A new housing concept is popping up across North Texas, giving more choices to those stuck between buying a home and renting an apartment.
BTR homes are detached housing units built specifically for the purpose of becoming long-term rentals, typically maintained by large companies rather than individuals. Centralized together in neighborhoods, they are designed for renters who desire a sense of community and a modern living space without the substantial down payment and maintenance costs involved in home ownership.
The concept includes a community of cottage-style homes with apartment-like amenities such as a pool and on-site maintenance. For renters who have grown tired of living in traditional apartment buildings or complexes, the build-for-rent housing communities could be a good fit.
“It’s relatively new, but I think it’s here to stay in lots of markets,” said Josh Eadie, VP of development for NexMetro. “There’s been an anti-apartment movement. It’s been well received so far.”
BTR is “the hottest trend in residential living,” according to residential search portal RentCafe. Nationally, 6,740 BTRs were completed last year; nearly 14,000 BTR homes are currently under construction.
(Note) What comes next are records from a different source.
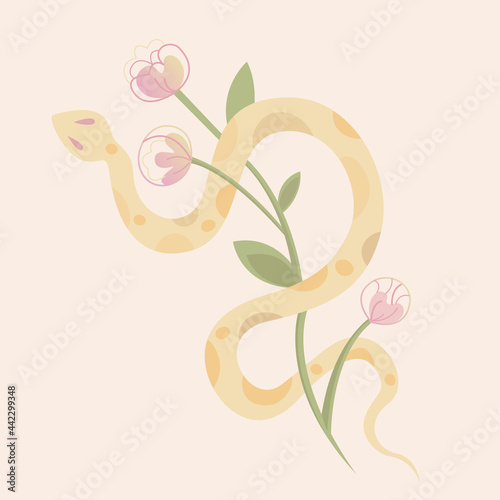 Image of a light yellow spotted snake with flowers. Logo 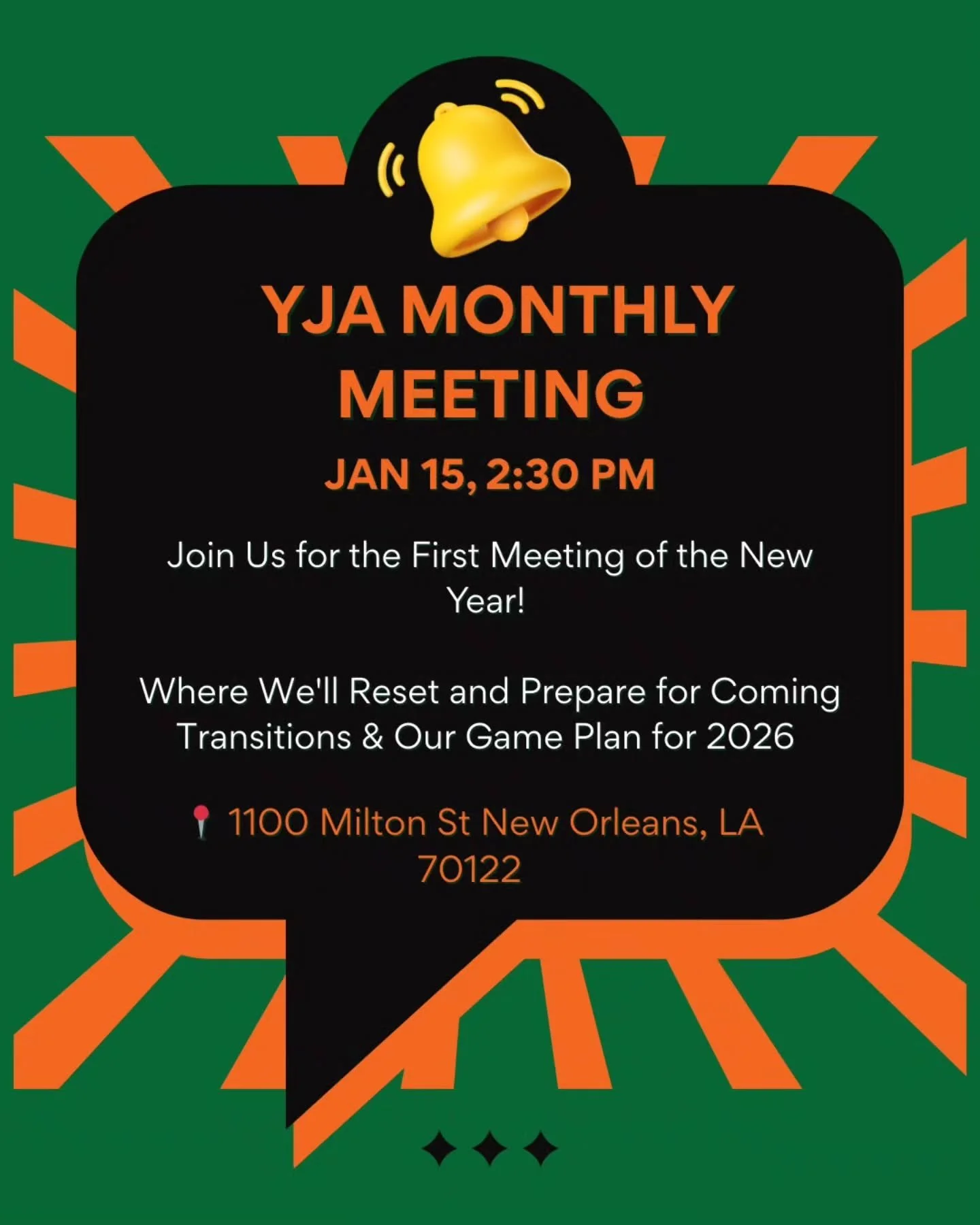 THIS THURSDAY!!‼️Join Us for the First YJA Meeting of the New Year!! ✨️ 

We need your valuable insight and passion for youth justice to focus on the agenda for the new year that includes: 

🌟 Re-setting in the new year with YJA values, vision, &amp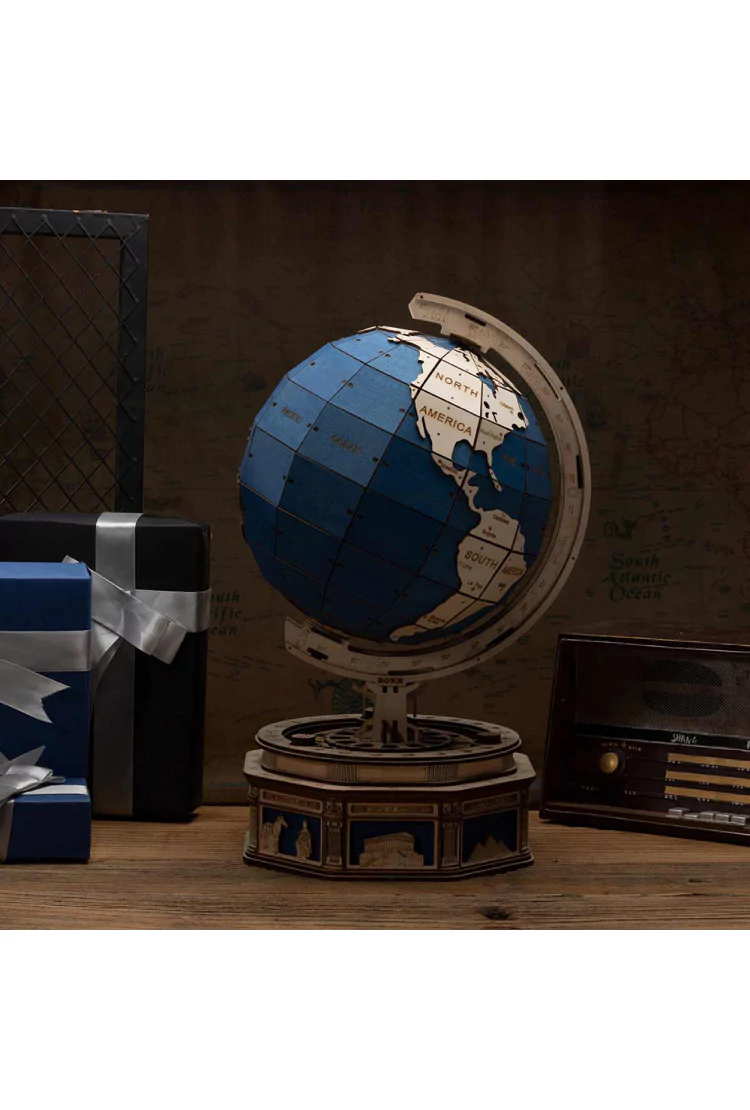 Механический деревянный конструктор Robotime глобус The Globe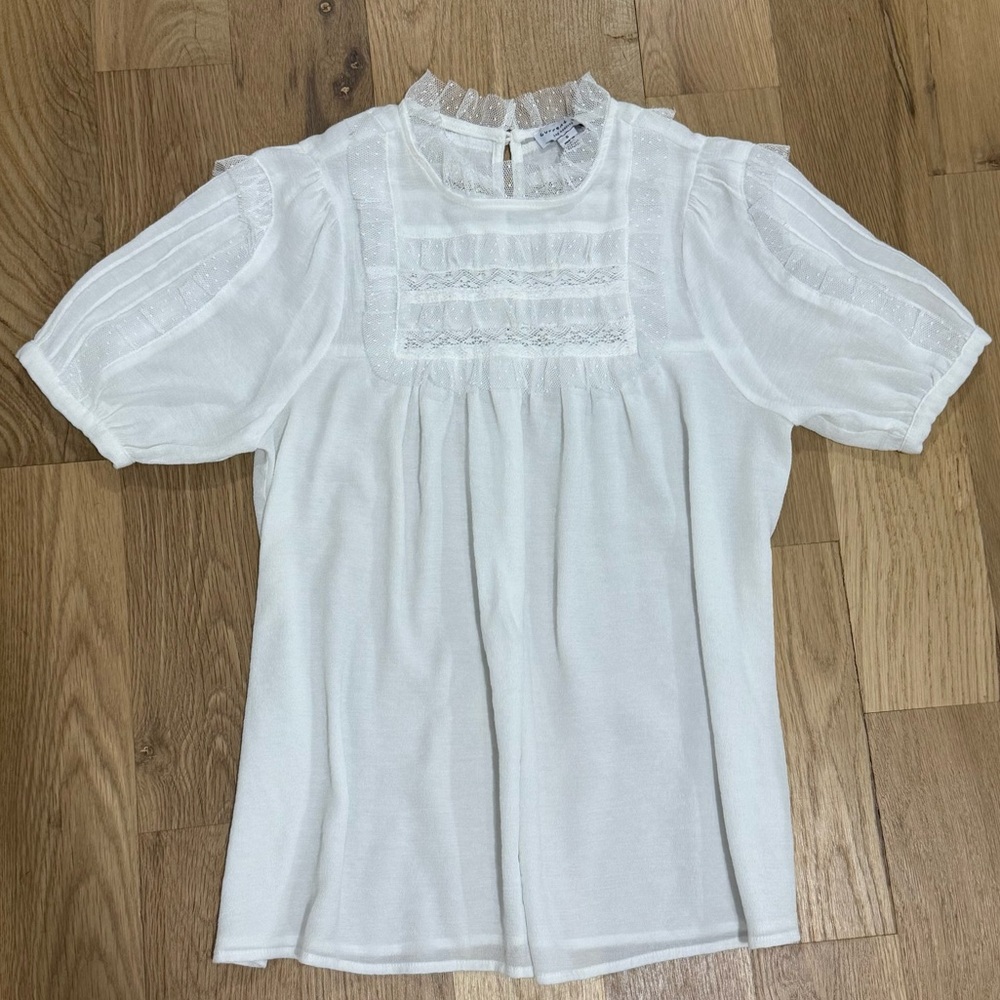 Anthropologie Current Air LA White Lace Blouse, Size Small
In the Dallas area, that number was 4,290 at the start of the year, making it the third-most-popular market for the rent-a-home concept, according to RentCafe’s analysis of Yardi Matrix data.
“There is a misconception that the majority of renters are Millennials when, in reality, you have everyone — including college students, empty nesters, families with kids, pet owners, and those wanting to downsize,” said Shannon Hersker of commercial real estate lender Walker & Dunlop.
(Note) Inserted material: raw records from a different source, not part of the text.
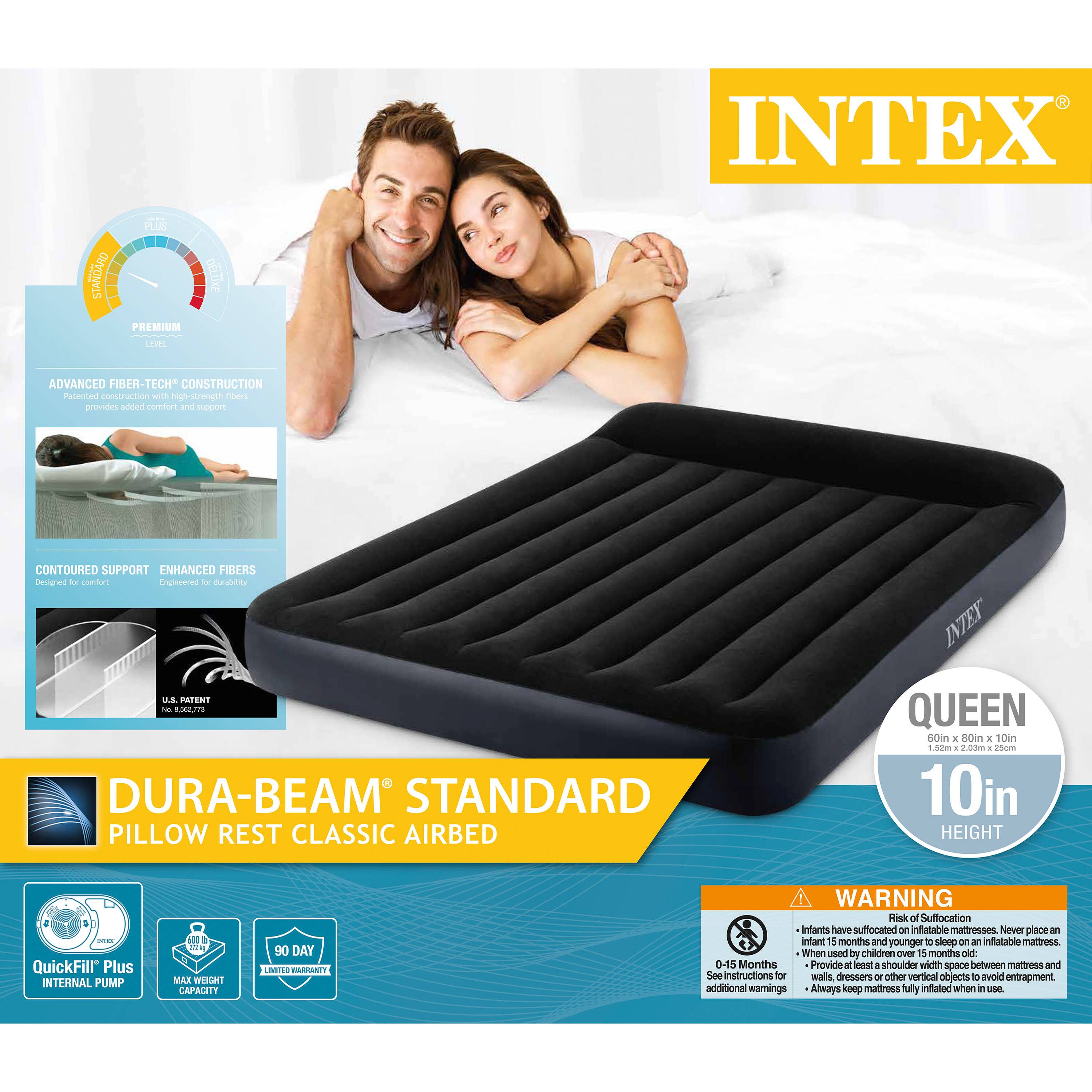 Alt View 14. Intex - Dura Beam Pillow Rest Classic Queen Airbed Mattress with Built In Pump - Blue.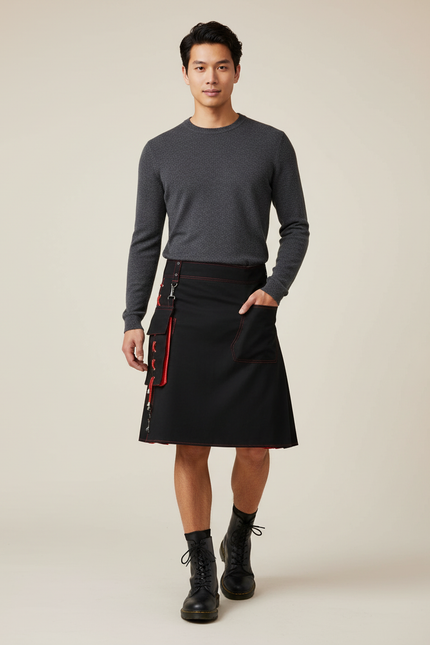 Jupe Homme Noire Rouge Plissée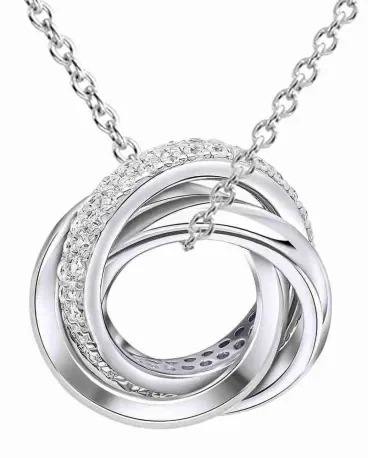 Collier trilogie 3 anneaux entrelacés en argent 925 rhodié et zirconiums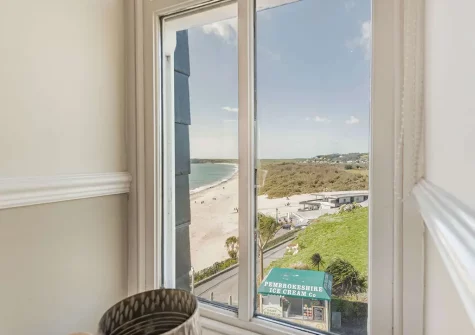 Enjoy fantastic beach & sea views from the bedroom#1 at Blue Haze, TenbyBlue Haze, Tenby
Raising a family in a cramped apartment wasn’t ideal for Stephanie Sims. Instead, she opted to live in a BTR home.
“It started to get really cramped,” Sims said. “We just needed that extra space a home provides.”
She added, “In our last apartments, there was always somebody on top making a bunch of noise.”
Sims now lives in a community of one-, two-, and three-bedroom homes, free of shared walls, that, like apartments, are all for rent. Sim says it is a way of living that works for her and her family.
While BTRs work for some, the concept comes with several drawbacks. Some of the disadvantages of build-to-rent homes include steeper rent than typical apartments, higher cost relative to homeownership, small size, lack of personalization, and lack of freedom to remodel, according to Rocket Mortgage.